In the past, Crookes’s music has been called neo-soul and alternative R&B but she says Skin is a pop album. “If I was white, would people still classify my music like that? Because I feel like these genres are very much interlinked with race and the way I look. I just wish that wasn’t the case.”

Those expectations based on her heritage are something she has always had to endure. “Growing up in Elephant and Castle, people used to say stuff like, ‘You play guitar? Do you think you’re white?’”

Today, she would point out that gospel musician Sister Rosetta Tharpe pretty much invented rock’n’roll in the 30s, but “there was a period when I was really young where I felt embarrassed by the music I made. I was scared about what people expected of a brown girl. I never felt like I couldn’t do anything because other people told me I couldn’t, though. If anything, that just encouraged me to do it. Now, I believe there’s absolutely nothing wrong with doing whatever I want.”

Joy Crookes (Photo: Toast)

Talking about race, Crookes is quick to point out that “trauma porn and suffering sob stories are the opposite of what I am about”.

“But I think people expect that from ethnic people. Today I was asked if I’ve ever experienced racism – it’s just not the first thing you ask someone. Anyone that has ever been part of a minority group, race, sexuality, whatever, there are always going to be people who think it’s appropriate to point at your most vulnerable part and ask about it. It’s no one’s business.

“I love the power of love. I love the power of being empowered. I’m not here for you to get your string section out while I give you a sob story,” she continues. “I’m not looking for a professional victim complex. I’m not going to serve your headline with my shit, it’s not who I am.”
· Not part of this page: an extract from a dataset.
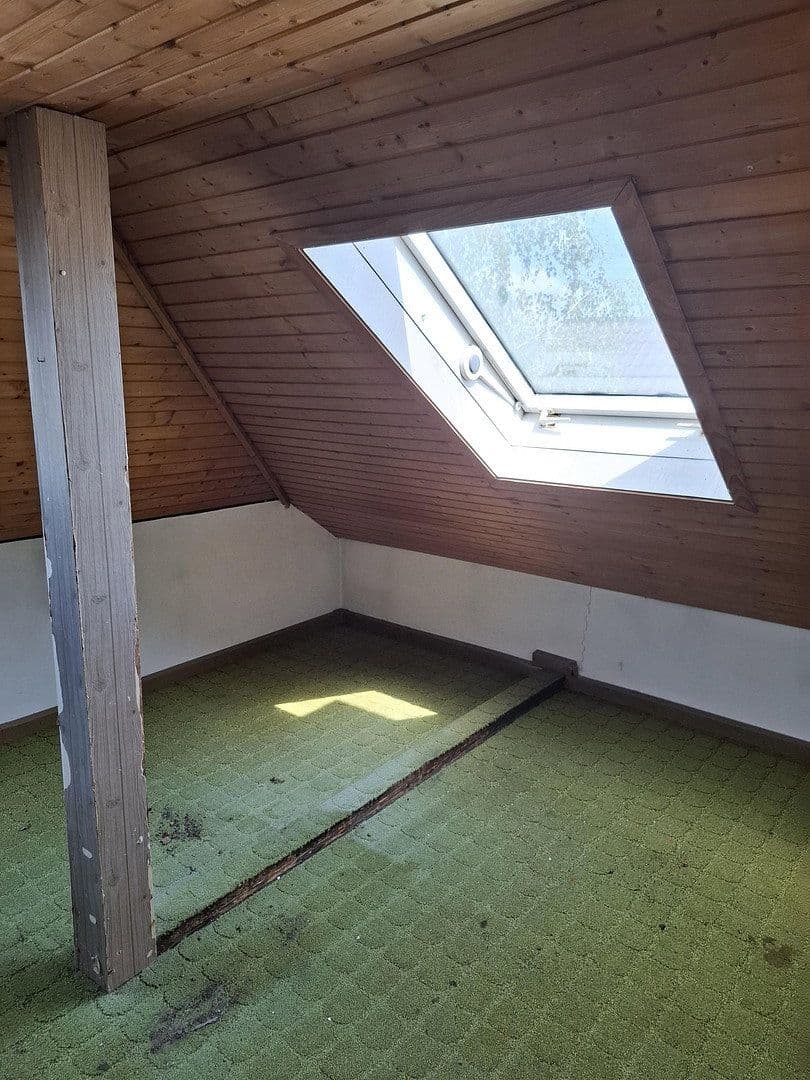 Prodej domu 170 m², pozemek 564 m², Eppelheim, Bádensko-Württembersko Prodej domu 170 m², pozemek 564 m², Eppelheim, Bádensko-Württembersko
Refusing to play into other people’s narratives, Skin is an empowering listen. “There’s a strong feeling of ‘F**k ’em’ in it,” she says, grinning, revealing that that is also one of the best pieces of advice she ever received from her father – a mantra to deal with people who don’t understand, don’t listen or just aren’t worth the time.

So why does Crookes’s music connect to so many people? “I think it’s cos I’m the type of girl that will probably have a beer with you. I’m capable of being accessible – not just musically but as a human being,” she explains.

“It’s weird when artists hit their head and decide to have this level of mystery around them. I’m the opposite.

“There is a strong, unapologetic nature to all my favourite artists, and I want to be like that. They’re just real human beings, faults and all, but they’re the ones who make me feel empowered.”